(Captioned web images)
━━━━━━━━━━━━━━━━
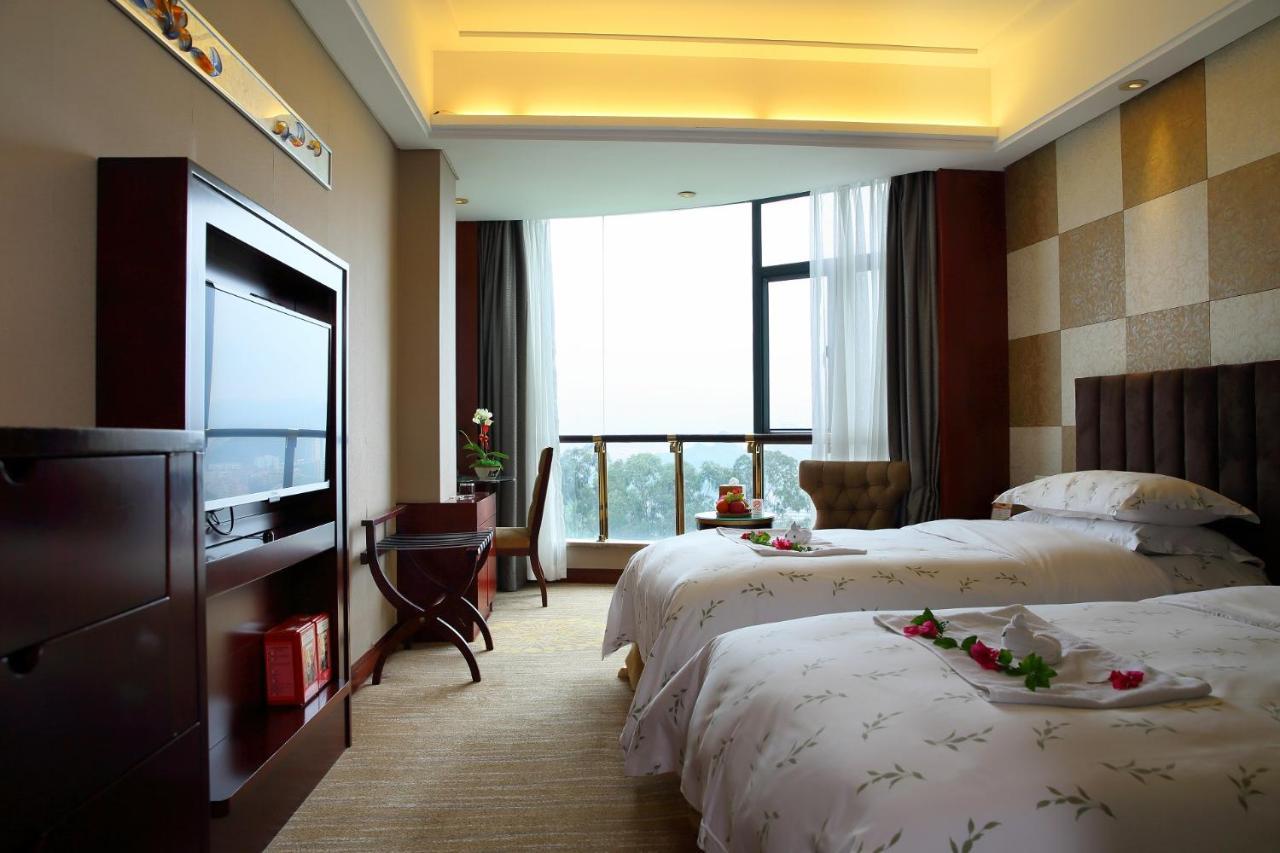 Goodview Hotel Sangem Zhangmutou Bagian luar foto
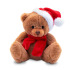 Nathan Brown, pluszowy miś świąteczny brązowo-czerwony HE261-56 (13) thumbnail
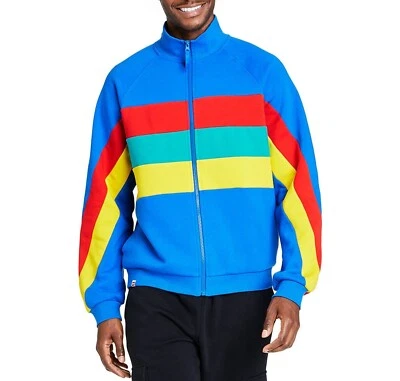 LEGO Chaqueta de Pista con Cremallera a Rayas Bloques de Color para Hombre - LEGO x Target Collection Foto 1 de 3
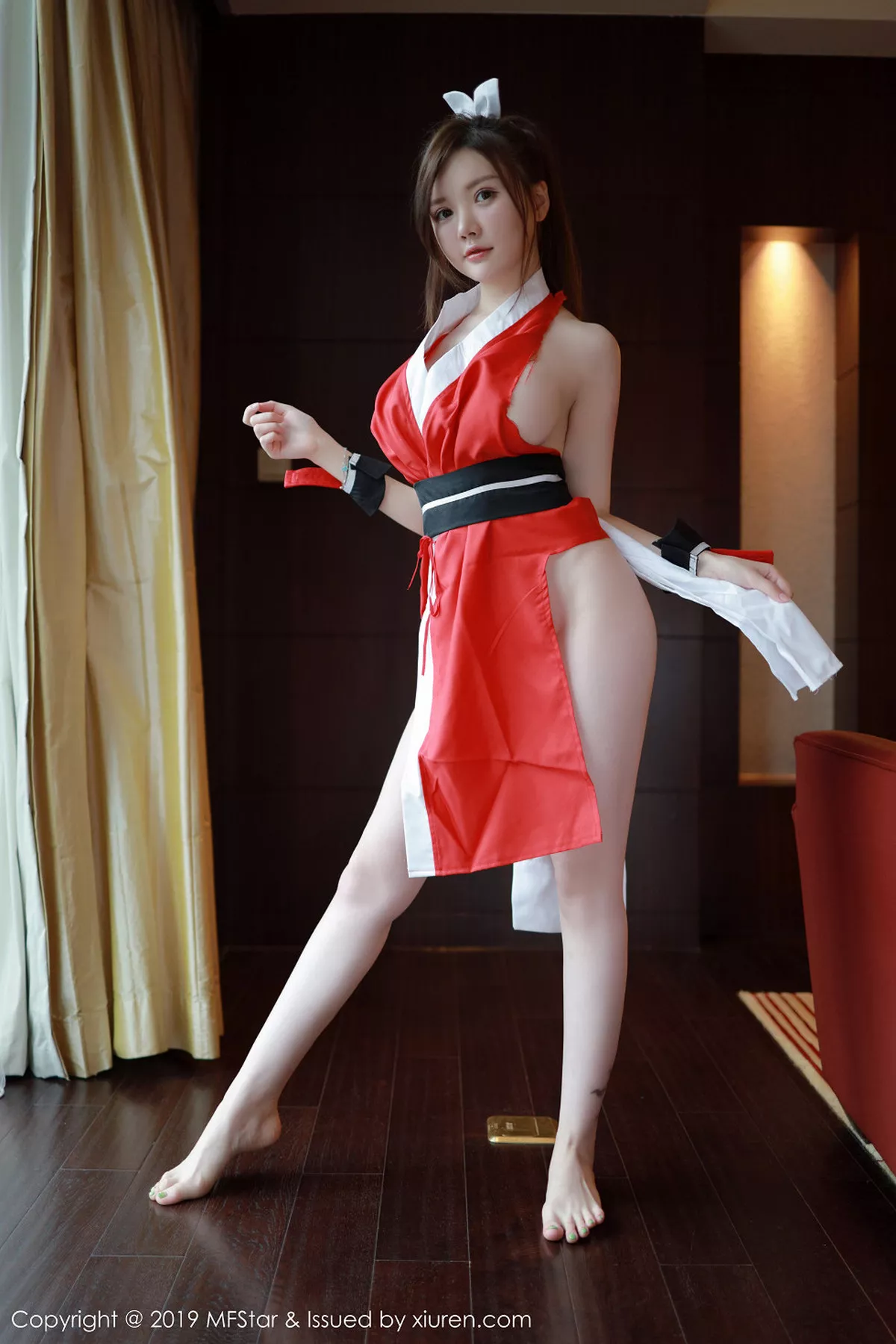 《MFStar模范学院 糯美子 高清写真 第216期》第18张,模特糯美子,mfstar,全套52张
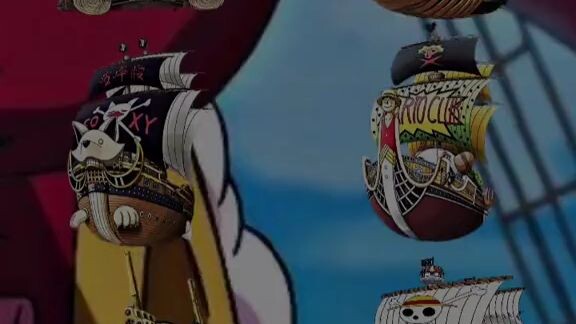 những chiến hạm đẹp nhất One Piece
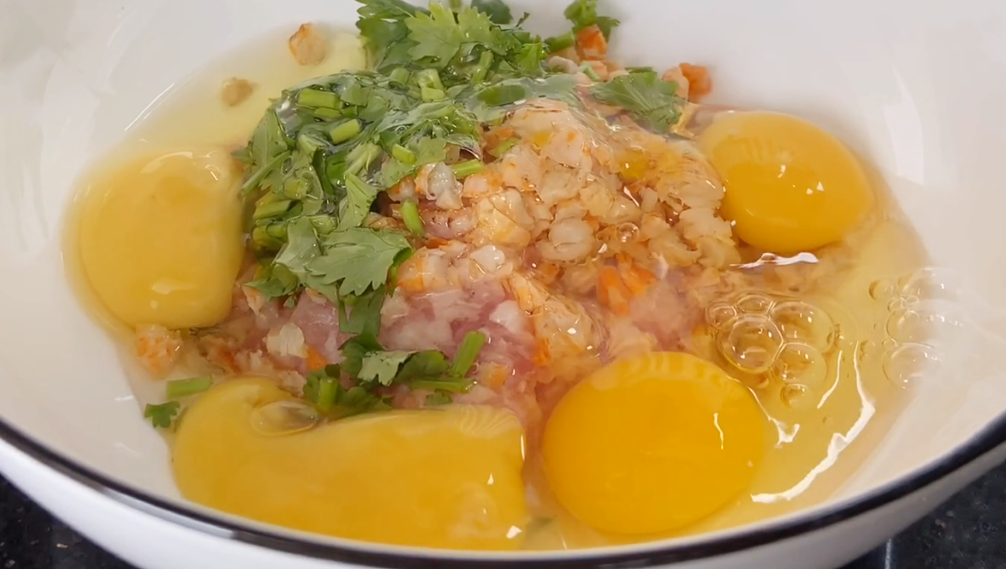 圖片[4]-【紫菜肉末煎雞蛋】做法步驟圖 孩子特愛吃 常吃個(gè)子高-起舞食譜網(wǎng)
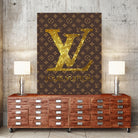 Louis Vuitton by Yusman Paringotan hotmartogi Pasaribu on GIANT ART - gray photo illustration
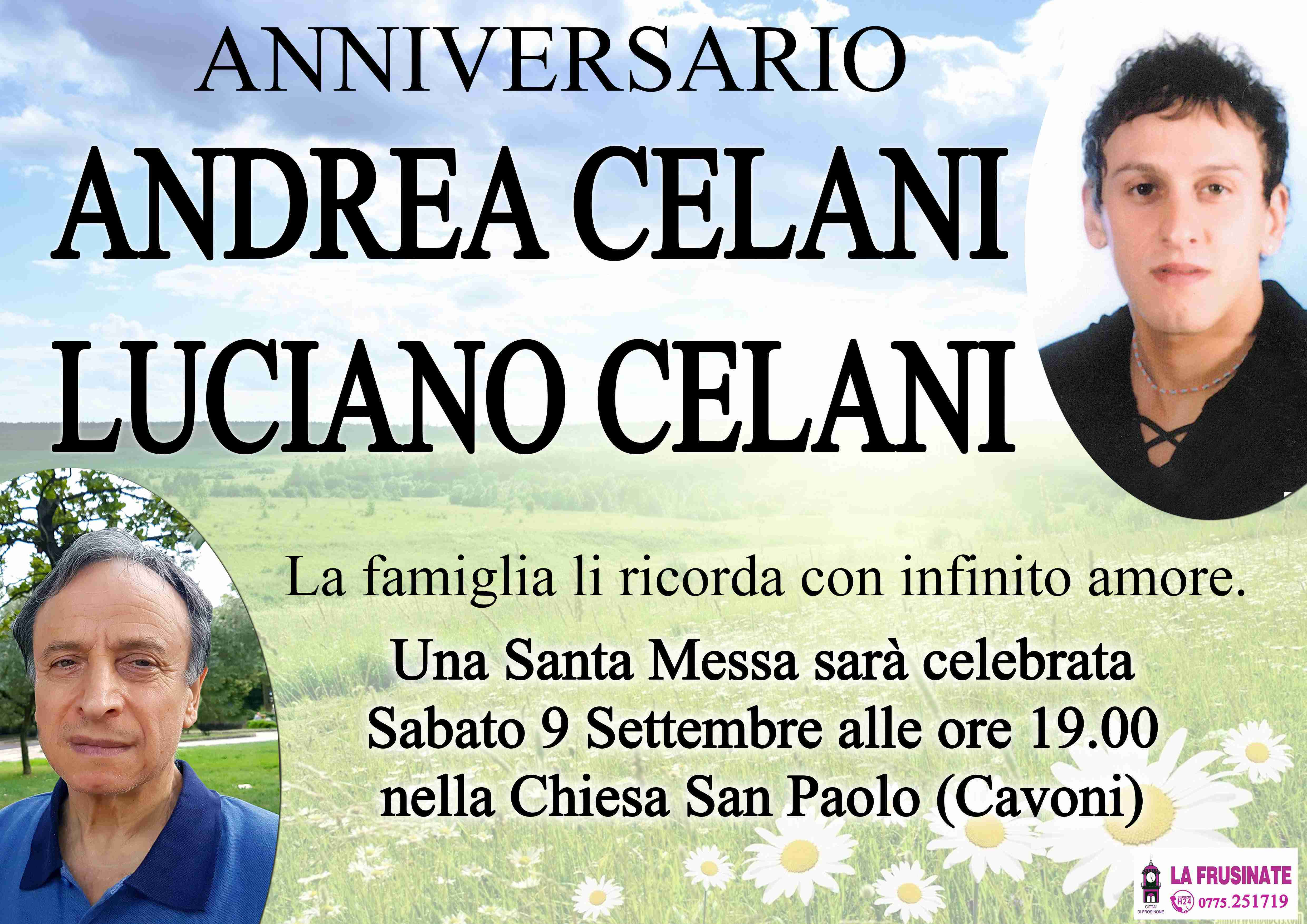 Andrea Celani e Luciano Celani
━━━━━━━━━━━━━━━━
__EXERCISE__: Keeping every word as it is, write out all the data and omit the pictures.

__SOLUTION__:
 Goodview Hotel Sangem Zhangmutou Bagian luar foto
 Nathan Brown, pluszowy miś świąteczny brązowo-czerwony HE261-56 (13) thumbnail
 LEGO Chaqueta de Pista con Cremallera a Rayas Bloques de Color para Hombre - LEGO x Target Collection Foto 1 de 3
 《MFStar模范学院 糯美子 高清写真 第216期》第18张,模特糯美子,mfstar,全套52张
 những chiến hạm đẹp nhất One Piece
 圖片[4]-【紫菜肉末煎雞蛋】做法步驟圖 孩子特愛吃 常吃個(gè)子高-起舞食譜網(wǎng)
 Louis Vuitton by Yusman Paringotan hotmartogi Pasaribu on GIANT ART - gray photo illustration
 Andrea Celani e Luciano Celani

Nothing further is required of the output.